Seeing and reflecting

Last week my daughter had her first ever dance concert. The concert itself was a logistical feat, with 56 dance items over 3 hours in the cavernous Frankston Centre for the Performing Arts. When I saw the length of the programme, I gripped my husband’s arm so tight he nearly developed gangrene. However, I found the whole concert quite entertaining, and unexpectedly touching. The kids danced so enthusiastically and with such whole heartedness. Their families whooped through the entire event with every wiggle and leap.

My favourite part is when Dylan caught sight of us in the audience and smiled the biggest heart bursting smile, and I looked back at her father and saw the same smile reflected in his face.

I had this thought then – love is two people being witness to each other. Your children ask “Do you see me?”. We as parents say “Yes I do, in all your glory.”

We do this with our kids all the time but we mustn’t forget to do it with our partners.

Sometimes when we fall in love, we think “This person is my soulmate! He’s just like me! I can’t believe he hummed that song when I was thinking of it etc. etc.” That’s falling in love with a reflected image of yourself. And you then get disillusioned when you realise the person you’re married to is quite different really, and unfathomable at times, with different values, ways of communication and ways of interpreting things. “He’s an idiot!” we think, “if that were me, I would never have done that…” and then we close ourselves off and stop growing.

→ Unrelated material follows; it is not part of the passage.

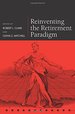 Reinventing the Retirement Paradigm (Pension Research Council Series)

After many years of marriage, I think it’s very important to appreciate the separateness of your partner. That he or she is a unique, flawed, frustrating miracle. Perhaps the entire point of life is learning to connect with people who are not you. Or learning that you know nothing. Like that chinese saying “True wisdom is knowing what you don’t know.”

We can never walk in any one’s shoes truly, but even when we don’t understand, we can say “I see you. I see you for all you are and I love you.” And we can be grateful.

And in that moment, you can see in a grown person’s face, the surprise and happiness of a child at a dance concert who has been seen and loved. Waving!